The Stop the Trawler Alliance welcomed Federal Labor’s commitment today to ban all super trawlers from Australia’s ecologically precious Small Pelagic Fishery.
Following concerted pressure and community backlash in Tasmania in particular, the Coalition government banned fishing vessels over 130m length from this fishery in 2014. However this only ruled out only a tiny handful of vessels in the global fleet. As demonstrated by the 95m Geelong Star, which unsuccessfully fished the Small Pelagic Fishery in 2015-16, this ban offered no meaningful protection for our oceans. The Geelong Star abandoned fishing our waters after failing to turn a profit and catching and killing unacceptable numbers of protected seals, dolphins and even a whale shark.
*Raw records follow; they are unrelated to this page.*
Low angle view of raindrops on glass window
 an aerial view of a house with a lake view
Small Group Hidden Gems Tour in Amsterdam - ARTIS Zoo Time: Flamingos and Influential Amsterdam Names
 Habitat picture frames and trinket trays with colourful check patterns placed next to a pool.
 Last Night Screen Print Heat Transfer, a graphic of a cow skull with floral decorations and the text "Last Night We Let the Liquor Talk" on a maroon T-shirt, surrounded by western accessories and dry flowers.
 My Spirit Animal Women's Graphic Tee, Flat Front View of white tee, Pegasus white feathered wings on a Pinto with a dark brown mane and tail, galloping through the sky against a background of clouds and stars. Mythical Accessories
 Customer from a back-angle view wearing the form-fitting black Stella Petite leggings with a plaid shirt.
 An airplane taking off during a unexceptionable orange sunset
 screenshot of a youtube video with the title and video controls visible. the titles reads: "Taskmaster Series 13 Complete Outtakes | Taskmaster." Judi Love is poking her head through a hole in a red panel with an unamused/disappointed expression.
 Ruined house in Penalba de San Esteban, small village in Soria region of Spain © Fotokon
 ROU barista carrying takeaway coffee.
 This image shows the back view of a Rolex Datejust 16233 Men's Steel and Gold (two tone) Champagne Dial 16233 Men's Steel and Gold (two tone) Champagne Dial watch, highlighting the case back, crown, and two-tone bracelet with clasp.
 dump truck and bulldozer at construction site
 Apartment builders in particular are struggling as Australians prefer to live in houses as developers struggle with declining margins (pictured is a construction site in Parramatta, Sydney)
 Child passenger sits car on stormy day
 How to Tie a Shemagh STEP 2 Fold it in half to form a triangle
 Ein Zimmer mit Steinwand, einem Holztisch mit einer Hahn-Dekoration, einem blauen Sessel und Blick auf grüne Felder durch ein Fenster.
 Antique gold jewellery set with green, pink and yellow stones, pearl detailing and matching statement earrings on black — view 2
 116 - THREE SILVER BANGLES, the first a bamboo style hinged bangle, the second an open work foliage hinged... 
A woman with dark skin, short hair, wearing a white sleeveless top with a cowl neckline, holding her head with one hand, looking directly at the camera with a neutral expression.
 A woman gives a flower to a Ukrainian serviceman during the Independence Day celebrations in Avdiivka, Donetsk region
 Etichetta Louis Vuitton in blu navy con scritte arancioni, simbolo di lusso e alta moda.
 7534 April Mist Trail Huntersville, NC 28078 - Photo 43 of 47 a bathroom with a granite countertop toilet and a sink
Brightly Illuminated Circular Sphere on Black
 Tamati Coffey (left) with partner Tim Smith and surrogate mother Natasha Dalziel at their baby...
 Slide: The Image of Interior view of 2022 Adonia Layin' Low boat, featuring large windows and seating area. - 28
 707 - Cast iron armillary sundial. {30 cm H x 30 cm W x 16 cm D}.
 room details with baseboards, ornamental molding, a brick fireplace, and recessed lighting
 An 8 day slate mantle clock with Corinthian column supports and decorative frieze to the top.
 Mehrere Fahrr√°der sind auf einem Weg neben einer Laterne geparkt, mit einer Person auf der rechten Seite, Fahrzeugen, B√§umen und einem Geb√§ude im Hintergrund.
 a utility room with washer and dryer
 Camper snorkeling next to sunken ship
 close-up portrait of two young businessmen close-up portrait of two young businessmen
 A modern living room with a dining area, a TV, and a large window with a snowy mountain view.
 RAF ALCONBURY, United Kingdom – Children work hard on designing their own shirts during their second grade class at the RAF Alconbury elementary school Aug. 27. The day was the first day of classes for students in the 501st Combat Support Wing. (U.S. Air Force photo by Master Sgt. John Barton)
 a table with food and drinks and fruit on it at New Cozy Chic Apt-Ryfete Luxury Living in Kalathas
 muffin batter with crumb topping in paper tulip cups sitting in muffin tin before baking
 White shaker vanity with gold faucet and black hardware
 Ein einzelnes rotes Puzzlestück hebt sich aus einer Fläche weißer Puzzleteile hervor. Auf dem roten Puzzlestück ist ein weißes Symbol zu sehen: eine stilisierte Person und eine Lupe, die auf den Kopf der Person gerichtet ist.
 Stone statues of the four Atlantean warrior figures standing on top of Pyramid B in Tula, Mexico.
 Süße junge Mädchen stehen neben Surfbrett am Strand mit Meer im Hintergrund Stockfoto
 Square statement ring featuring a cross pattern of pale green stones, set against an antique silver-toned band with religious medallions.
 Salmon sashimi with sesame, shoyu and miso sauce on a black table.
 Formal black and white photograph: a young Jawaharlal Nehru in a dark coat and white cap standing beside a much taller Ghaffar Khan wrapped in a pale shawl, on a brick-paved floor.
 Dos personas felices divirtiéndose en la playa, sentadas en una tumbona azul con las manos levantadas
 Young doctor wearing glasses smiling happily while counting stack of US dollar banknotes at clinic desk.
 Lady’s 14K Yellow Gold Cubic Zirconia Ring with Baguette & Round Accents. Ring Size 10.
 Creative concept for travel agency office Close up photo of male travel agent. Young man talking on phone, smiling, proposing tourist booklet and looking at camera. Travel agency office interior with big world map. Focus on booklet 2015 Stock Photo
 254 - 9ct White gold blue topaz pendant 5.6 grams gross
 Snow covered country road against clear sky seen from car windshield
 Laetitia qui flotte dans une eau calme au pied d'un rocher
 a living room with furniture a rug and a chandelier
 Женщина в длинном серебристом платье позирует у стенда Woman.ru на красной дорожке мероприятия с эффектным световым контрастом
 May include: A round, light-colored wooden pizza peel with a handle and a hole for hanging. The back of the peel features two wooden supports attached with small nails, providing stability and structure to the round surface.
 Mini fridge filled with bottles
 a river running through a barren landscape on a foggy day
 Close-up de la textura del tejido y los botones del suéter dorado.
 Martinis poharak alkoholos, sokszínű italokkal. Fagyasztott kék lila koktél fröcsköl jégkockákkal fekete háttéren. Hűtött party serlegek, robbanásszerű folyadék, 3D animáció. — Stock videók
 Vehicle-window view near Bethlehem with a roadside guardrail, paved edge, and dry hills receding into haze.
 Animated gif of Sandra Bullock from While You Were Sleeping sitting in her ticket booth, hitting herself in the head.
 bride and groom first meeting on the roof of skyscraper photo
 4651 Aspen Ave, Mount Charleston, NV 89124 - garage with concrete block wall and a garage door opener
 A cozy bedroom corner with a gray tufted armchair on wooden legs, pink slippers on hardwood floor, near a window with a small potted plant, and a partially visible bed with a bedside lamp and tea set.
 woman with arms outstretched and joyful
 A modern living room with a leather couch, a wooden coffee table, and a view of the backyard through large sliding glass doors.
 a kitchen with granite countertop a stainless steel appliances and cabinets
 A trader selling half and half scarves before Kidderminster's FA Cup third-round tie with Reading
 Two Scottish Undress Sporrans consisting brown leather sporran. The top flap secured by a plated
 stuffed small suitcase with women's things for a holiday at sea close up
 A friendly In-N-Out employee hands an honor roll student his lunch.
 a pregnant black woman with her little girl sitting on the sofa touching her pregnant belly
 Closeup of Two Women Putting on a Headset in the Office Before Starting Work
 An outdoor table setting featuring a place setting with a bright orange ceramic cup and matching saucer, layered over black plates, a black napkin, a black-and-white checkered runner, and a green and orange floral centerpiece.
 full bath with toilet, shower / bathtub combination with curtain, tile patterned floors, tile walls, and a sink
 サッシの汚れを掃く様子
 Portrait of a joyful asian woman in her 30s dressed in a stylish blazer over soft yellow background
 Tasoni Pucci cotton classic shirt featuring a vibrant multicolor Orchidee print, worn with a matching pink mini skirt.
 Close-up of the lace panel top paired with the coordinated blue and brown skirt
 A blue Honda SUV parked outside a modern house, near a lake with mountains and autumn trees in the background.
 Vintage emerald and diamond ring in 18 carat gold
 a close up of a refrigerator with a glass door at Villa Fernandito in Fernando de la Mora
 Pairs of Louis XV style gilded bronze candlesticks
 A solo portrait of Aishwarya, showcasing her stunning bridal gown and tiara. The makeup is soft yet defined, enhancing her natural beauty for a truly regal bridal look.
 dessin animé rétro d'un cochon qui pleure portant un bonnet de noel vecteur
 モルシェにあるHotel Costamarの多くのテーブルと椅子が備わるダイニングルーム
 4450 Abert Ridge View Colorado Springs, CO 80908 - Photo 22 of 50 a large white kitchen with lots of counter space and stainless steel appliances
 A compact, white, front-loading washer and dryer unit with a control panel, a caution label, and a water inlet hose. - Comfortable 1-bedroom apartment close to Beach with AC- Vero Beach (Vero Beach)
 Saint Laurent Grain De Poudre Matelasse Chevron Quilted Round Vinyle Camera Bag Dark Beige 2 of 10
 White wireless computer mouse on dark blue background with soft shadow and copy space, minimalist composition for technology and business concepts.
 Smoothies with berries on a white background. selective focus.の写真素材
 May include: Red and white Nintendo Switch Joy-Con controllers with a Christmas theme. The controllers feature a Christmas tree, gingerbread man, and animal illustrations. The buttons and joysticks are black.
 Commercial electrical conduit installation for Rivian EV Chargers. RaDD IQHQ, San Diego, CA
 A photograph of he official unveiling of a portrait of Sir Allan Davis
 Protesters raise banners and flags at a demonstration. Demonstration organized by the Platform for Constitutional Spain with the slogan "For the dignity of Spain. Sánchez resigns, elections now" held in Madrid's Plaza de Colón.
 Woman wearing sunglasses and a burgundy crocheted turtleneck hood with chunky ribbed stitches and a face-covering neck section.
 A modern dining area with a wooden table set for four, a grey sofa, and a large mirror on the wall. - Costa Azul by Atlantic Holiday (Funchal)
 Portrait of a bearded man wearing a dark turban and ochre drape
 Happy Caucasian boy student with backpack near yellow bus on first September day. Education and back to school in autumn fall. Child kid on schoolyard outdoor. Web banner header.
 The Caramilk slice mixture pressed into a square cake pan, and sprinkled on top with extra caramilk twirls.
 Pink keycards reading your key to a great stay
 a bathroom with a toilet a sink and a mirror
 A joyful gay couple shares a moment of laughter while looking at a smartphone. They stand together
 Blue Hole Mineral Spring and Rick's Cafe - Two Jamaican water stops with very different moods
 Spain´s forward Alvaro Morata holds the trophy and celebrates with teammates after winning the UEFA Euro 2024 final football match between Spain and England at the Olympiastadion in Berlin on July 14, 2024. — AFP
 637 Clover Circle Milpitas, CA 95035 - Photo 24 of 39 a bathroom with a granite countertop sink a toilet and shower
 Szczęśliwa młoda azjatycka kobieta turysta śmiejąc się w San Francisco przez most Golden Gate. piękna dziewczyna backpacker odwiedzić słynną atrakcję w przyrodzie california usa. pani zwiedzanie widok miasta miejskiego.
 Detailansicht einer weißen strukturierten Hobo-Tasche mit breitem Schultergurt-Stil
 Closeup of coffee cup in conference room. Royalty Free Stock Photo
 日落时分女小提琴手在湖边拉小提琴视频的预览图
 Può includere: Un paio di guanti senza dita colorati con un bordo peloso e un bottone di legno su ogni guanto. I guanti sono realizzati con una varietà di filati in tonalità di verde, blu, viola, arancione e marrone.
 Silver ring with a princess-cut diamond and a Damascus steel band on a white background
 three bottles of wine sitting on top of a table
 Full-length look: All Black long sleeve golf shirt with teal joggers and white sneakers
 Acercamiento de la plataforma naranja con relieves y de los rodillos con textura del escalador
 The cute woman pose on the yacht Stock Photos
Federal Labor’s policy, if implemented, ensures that our small pelagic fish resources will not be industrialised.
“Australia’s small pelagic fish stocks are vital to the health of our oceans. They form the base of our marine food chains and are critical to supporting our marine wildlife and valuable tourism and recreational fisheries” said Adrian Meder, AMCS Fisheries Campaigner.
“On behalf of the community, the Stop the Trawler Alliance has been calling for a meaningful ban on factory freezer trawlers in the Small Pelagic Fishery for many years. We welcome this commitment,” said Laura Kelly, from Environment Tasmania.
“This announcement gives the fishing industry certainty that their reputation will no longer be tarnished by poorly-supported attempts to industrialise our Small Pelagic Fishery”
“The Australian community now has hope that industrial fishing through super trawlers may finally be ruled out of our oceans. The current 130m ban on fishing vessels is nothing more than smoke and mirrors” said Tasmanian recreational fisher Nobby Clark.
“We call on all parties to commit to banning supertrawlers, and call on the current government to introduce the ban as a matter of urgency,” said Jon Bryan from the Tasmanian Conservation Trust. “This ban will give significant protection to recreational fisheries and the marine environment.”
Australia should not be seeking to industrialise marginal fisheries by introducing fishing that has been banned elsewhere. Instead we should be aiming to do our best with the precious fishery resources we have already developed. Our Small Pelagic Fishery resource is most valuable when it is supporting marine wildlife, tourism and our recreational fisheries; not being shipped overseas for a few pennies or ground into aquaculture feed.